[INFORMATION GIVEN — start]
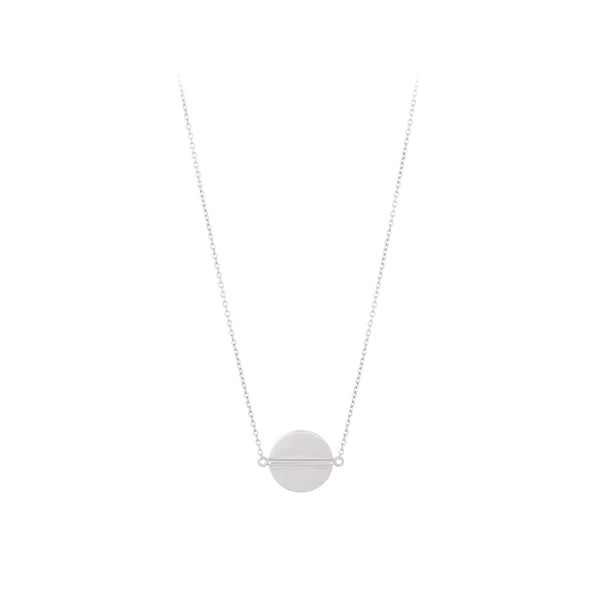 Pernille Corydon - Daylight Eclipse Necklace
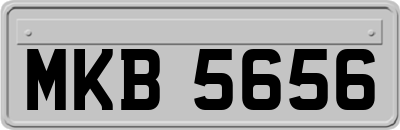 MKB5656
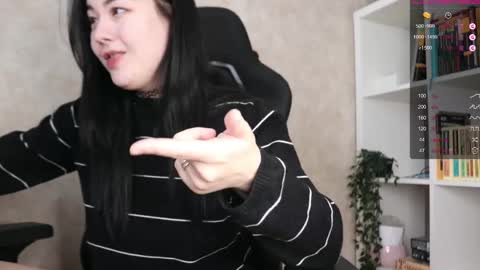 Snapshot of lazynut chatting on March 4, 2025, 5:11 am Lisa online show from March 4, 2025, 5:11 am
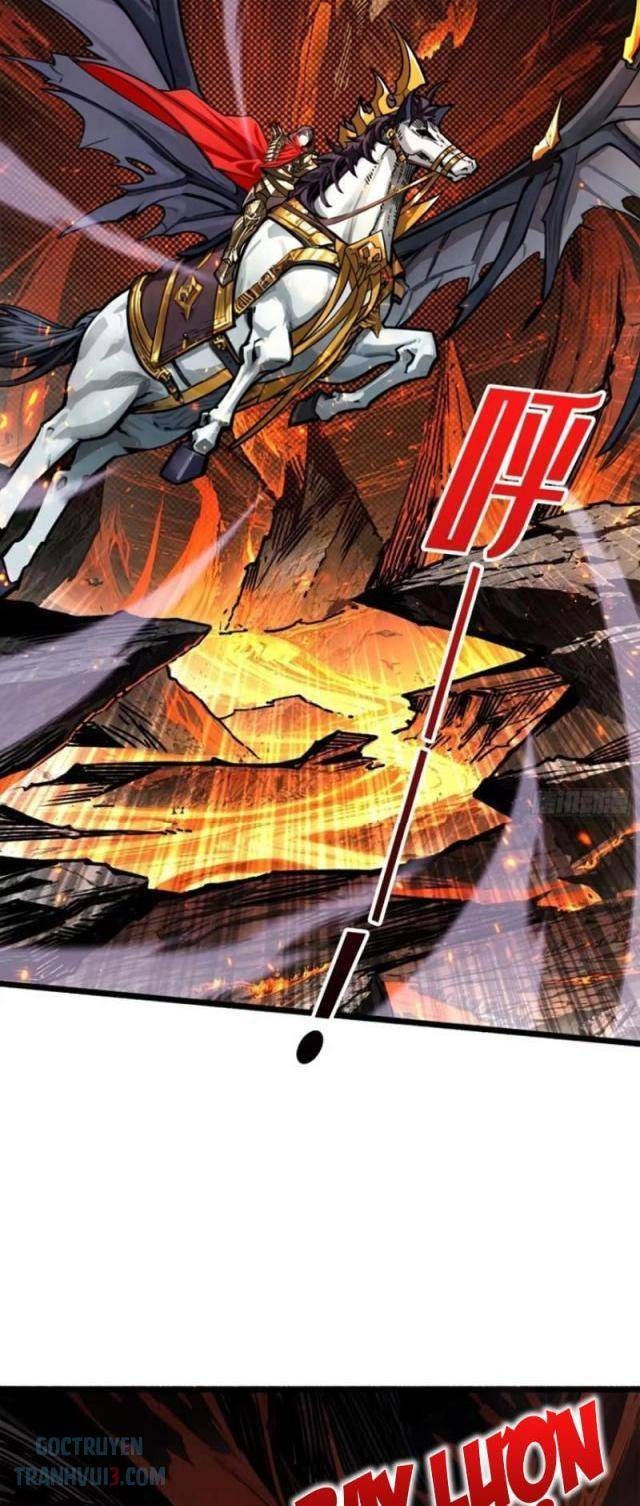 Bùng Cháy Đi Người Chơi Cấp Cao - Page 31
[INFORMATION GIVEN — finish]
[INFORMATION GIVEN — start]
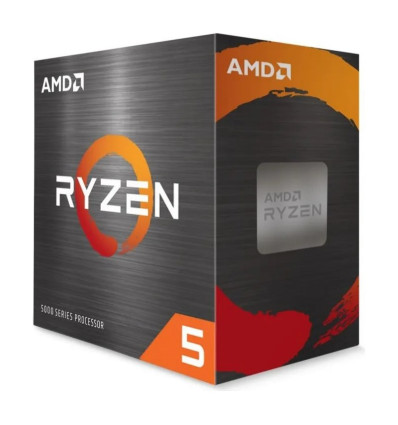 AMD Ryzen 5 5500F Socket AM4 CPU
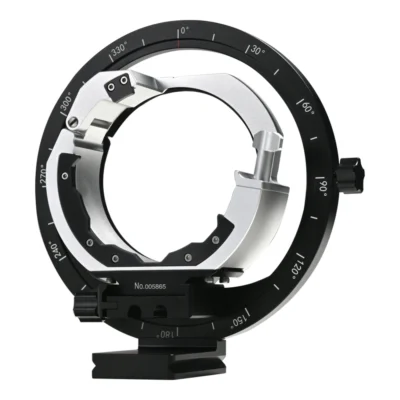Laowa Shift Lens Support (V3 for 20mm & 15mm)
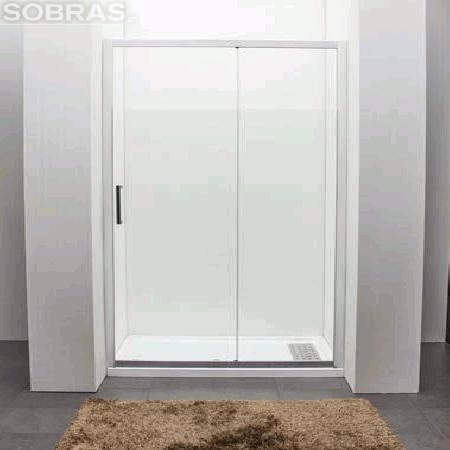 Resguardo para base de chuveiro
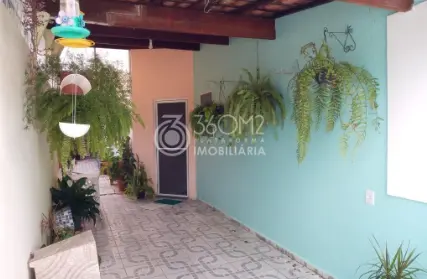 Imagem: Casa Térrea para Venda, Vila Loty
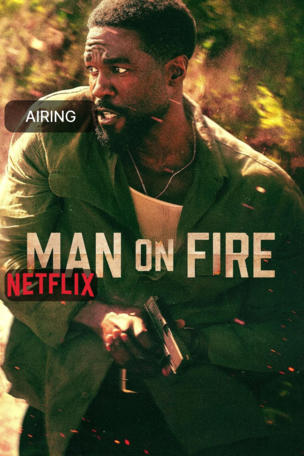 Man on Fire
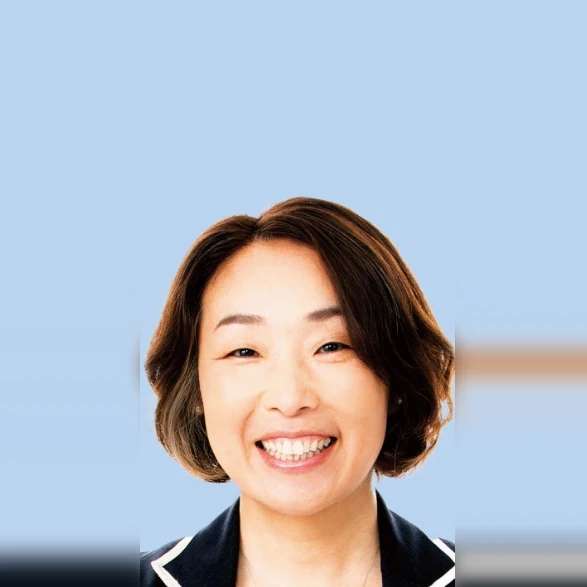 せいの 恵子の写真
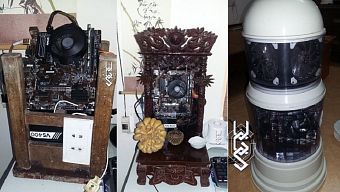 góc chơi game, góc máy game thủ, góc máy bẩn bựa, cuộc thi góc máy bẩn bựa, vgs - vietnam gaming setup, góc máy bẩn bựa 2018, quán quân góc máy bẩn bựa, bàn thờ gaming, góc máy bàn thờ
[INFORMATION GIVEN — finish]
• EXERCISE OBJECTIVE
Print nothing except the lines above from the one containing "Pernille Corydon - Daylight Eclipse Necklace" down to the one containing "Bùng Cháy Đi Người Chơi Cấp Cao - Page 31", both included, exactly as written and free of pictures.

• REPLY TO THE EXERCISE
 Pernille Corydon - Daylight Eclipse Necklace
 MKB5656
 Snapshot of lazynut chatting on March 4, 2025, 5:11 am Lisa online show from March 4, 2025, 5:11 am
 Bùng Cháy Đi Người Chơi Cấp Cao - Page 31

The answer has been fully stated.